I saw family. Parents, siblings, cousins. A baby niece dancing at a bar mitzvah. Family at a graduation, family at a baseball game, family on vacation. Family saying goodbye and 'till we meet again.
Sunsets. Mountains. Deserts. Buildings. Beaches. Classrooms. Airports...
Hands, eyes, blurry backgrounds and foregrounds. Pictures that were taken too quickly or not quickly enough, pictures that scream out, "look how incredible this was!" and pictures that should never have been taken in the first place. Pictures on airplanes and in between sheets, pictures in bathing suits and bridesmaid dresses. In Israel and Poland and Brooklyn and Ireland and Las Vegas and Amsterdam and Rhode Island and Venice and Maryland and Queens and Seattle and Great Neck and the Bahamas and all over Manhattan.
Memories and moments that exist now only as pixilated realities, blobs of color that from far away look like something real, but up close become meaningless dots, desperate to become something more, something physical, something still happening, or if not that, then at least printed onto something tangible. Something that can wear around the edges in an album that grandchildren shuffle through every so often to see what grandma was like when she was their age.
Make me real they beg. Come back, come back, come back. Come back to elementary school and high school and college; come back to this one and that one and this one, last, real love. Come back to last year and last summer and that one last week one last dinner one last kiss. One last click, and they're gone.
So now here I am, living and breathing and three-dimensional, and the pictures are still being taken. They're still getting tagged on Facebook and posted in blogs, still getting stuffed into folders and hidden away until I can go through this all over again in months or years from now. Will I miss these days in quite the same way? Or have I entered some kind of new phase when it all just starts blurring together? Man, it hurts. I sometimes want so badly to just rewind time, and I'm still so young. What happens in 10, 20, 50 years from now? Will it hurt even more? Who am I to miss being younger, when I'm only still just a child myself? I want to live in the moment, but moments pass instantly and then all you end up doing is chasing after the newest ones, trying your best to keep up. I want to live for now, and for my future, but can't I also live for my past sometimes, without feeling like I might fall apart?
It's strange, it's not like I wish I were somewhere else, or someone else, or even someone who I used to be. I just wish I could be everything at once. I wish I could be me now, and me then, and me tomorrow and next year. I want everyone I know and everyone I love and every time I smiled and every place I danced and every dream I chased and every epiphany and growth and trip and experience to be right now and right here. Not like in the Lion King, not living in me. Living with me. Just plain living.

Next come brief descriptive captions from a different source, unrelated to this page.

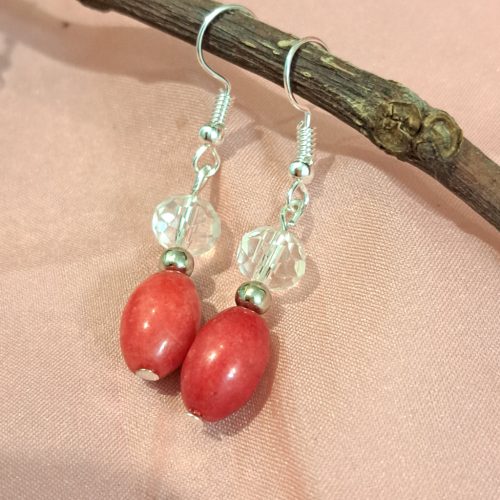 Korall és kristály  fülbevaló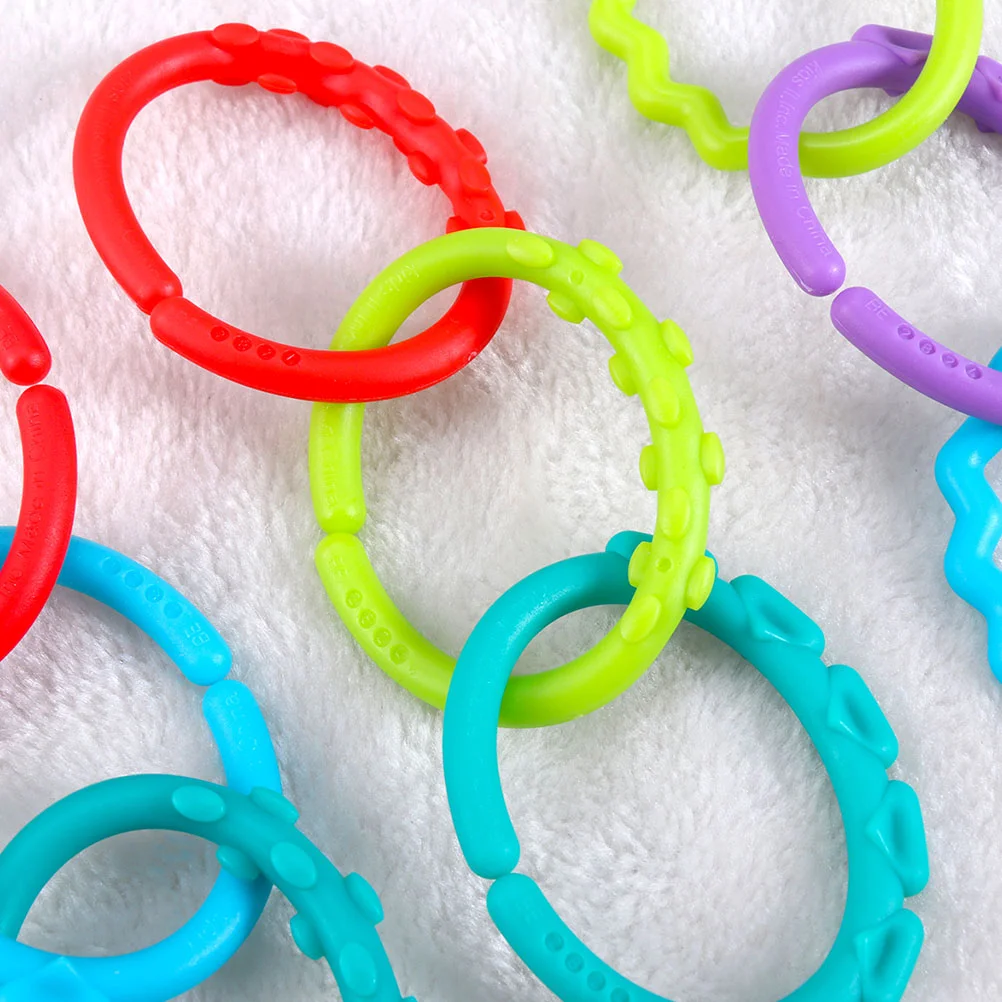 48 Pcs Teething Ring Grabbing Connecting Infant Comforting Toy Toddler Baby Rings Links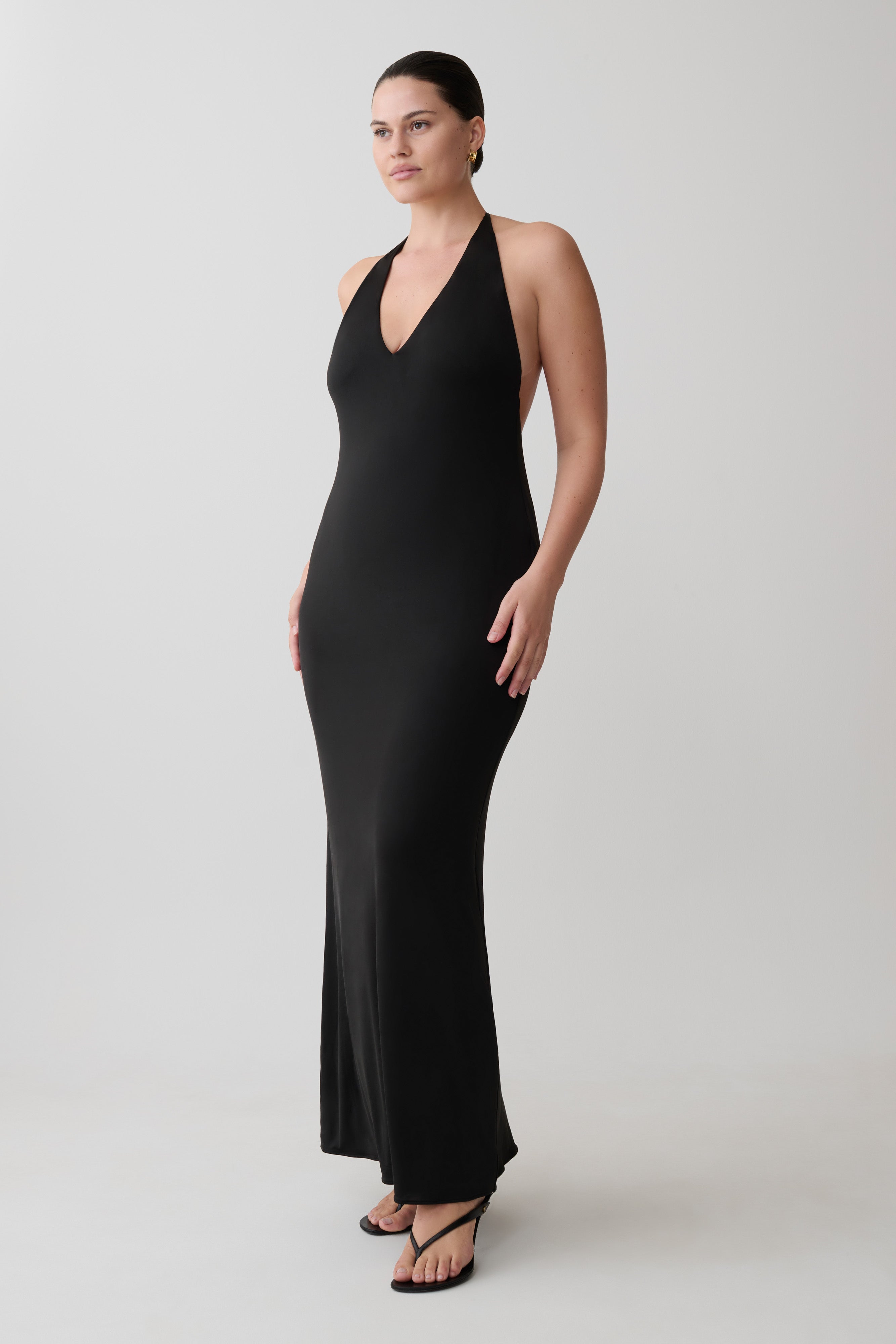 Hana Slinky Plunge Maxi Dress - Black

I keep learning here that thought influences emotion. I'm literally sitting in a class right now, and the teacher just said: "The way we think determines the way we feel. Or at least, it should." They tell me to use my mind to challenge my perceptions of reality, to reevaluate and reconsider what I see, what I feel. That what makes us human is our ability to choose, to be active participants in our own lives rather than passive reactors to instinct or environment. That a feeling of sadness or jealousy or hatred, or happiness or thankfulness or love, comes from someplace more sophisticated, someplace worth examining further than the depths of a tissue box. That the greatest type of discovery is that of self. So what about yearning? This tangible pull that sucks me towards these photographs, towards the realities they represent? How do I analyze this one, this gut feeling, this nagging, this wrenching? Should it mean something more to me? Maybe I'm not thinking hard enough. Maybe I'm missing something here. Maybe I'll only find out when I'm old enough to really appreciate the lesson. Either way, sometimes it's nice to let my mind take a vacation; I kind of like swimming around in my heart. It makes for good blog entries.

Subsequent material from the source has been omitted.